O amor à bondade e à misericórdia
Santa Teresinha foi escolhida por Deus para ensinar um caminho de santificação a ser trilhado pelas almas fracas – a “pequena via”, a via da Confiança por excelência. Escreveu ela nos Manuscritos: “Sempre desejei ser uma santa (…) O bom Deus não inspira desejos irrealizáveis, eu posso, portanto, aspirar à santidade apesar de minha pequenez. Tornar-me grande, é impossível. Devo, pois, suportar- me tal como sou, com todas as minhas imperfeições, mas quero procurar um meio de ir ao Céu por uma pequena via, bem reta, bem curta (…) Eu quereria encontrar um elevador para subir até Jesus, porque sou pequena demais para escalar a áspera escada da perfeição. (…) Ah! o elevador que me fará subir ao Céu são vossos próprios braços, ó meu Jesus!” Essa grande Santa manteve intacta sua Inocência batismal, nunca manchou sua alma por um único pecado grave sequer. É por este motivo que ela demonstrava tal confiança na bondade do Divino Salvador? Nem de longe! Nas últimas frases dos Manuscritos, podemos ler esta confortadora mensagem, a qual não deixa a menor dúvida de que a via da confiança está aberta inteiramente até para os maiores pecadores: “… mas, sobretudo, imito a conduta de Maria Madalena. Sua admirável, ou melhor, sua amorosa audácia encanta o Coração de Jesus, e seduz o meu. Sim, eu o sinto: mesmo se me pesassem na consciência todos os pecados possíveis de cometer, eu iria, com o coração partido de arrependimento, jogar-me nos braços de Jesus, pois sei quanto Ele ama o filho pródigo que vem Lhe pedir perdão. Não é porque o bom Deus, em sua previdente misericórdia, preservou minha alma do pecado mortal que eu me elevo a Ele pela confiança e pelo amor.” E já nos últimos dias de sua vida terrena, exclama: “Oh! como sou feliz por me ver imperfeita e por ter tanta necessidade da misericórdia do bom Deus no momento da morte!” Deixar-se carregar por Jesus, por Maria Santíssima, no caminho da santidade… Sentir-se feliz por ser fraco e ter necessidade da misericórdia e da bondade de Deus… Eis o caminho curto e seguro indicado por Santa Teresinha – Doutora da Igreja, note-se! – para os católicos de nossos dias, homens e mulheres, de todas as idades e condições sociais.

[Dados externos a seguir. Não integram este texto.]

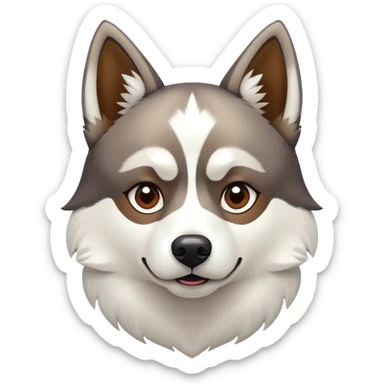 White and with brown mixed in husky dog with pointy ears sticker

Ninguém tem pretexto para não desejar a santidade
O preceito do Divino Mestre, “sede perfeitos como vosso Pai celeste é perfeito”, é dirigido à humanidade inteira. O que para qualquer ser humano é impossível, Ele tornou possível até para os mais débeis, pelos méritos infinitos de sua Paixão e Morte na Cruz. As miríades de Santos do Céu dão testemunho dessa verdade consoladora. Santa Teresinha, porém, vai mais longe. Além de nos ensinar pela doutrina e pelo exemplo, ela se põe à nossa disposição, como se pode ver nas palavras ditas a suas irmãs de Vocação no dia 17 de julho, menos de três meses antes de subir ao Céu: “Sobretudo, sinto que minha missão vai começar, minha missão de fazer amar o bom Deus como eu O amo, de comunicar às almas minha “pequena via”. Se o Bom Deus realiza meus desejos, meu Céu se passará sobre a terra até o fim do mundo. Sim, quero passar meu Céu fazendo bem à terra.” “… minha missão de fazer amar o bom Deus como eu O amo”. – Então, que ela cumpra em cada um de nós, leitor, sua sublime lição! Peçamos esta graça com toda confiança.
* * * * * * * * *
Com semblante belo e luminoso, e dizendo palavras que soavam como uma melodia de Anjo, Santa Teresinha apareceu diversas vezes para comunicar ao mundo inteiro esta animadora verdade: a santidade está ao alcance de todas as almas, mesmo as mais débeis. Estamos em 1897. Duas jovens carmelitas conversam no Carmelo de Lisieux. Uma delas, Sor Teresinha do Menino Jesus, aproxima-se do fim de sua vida e do cume da santidade. A outra, que nutre por ela verdadeira admiração, é uma noviça vinda de Paris, Sor Maria da Trindade.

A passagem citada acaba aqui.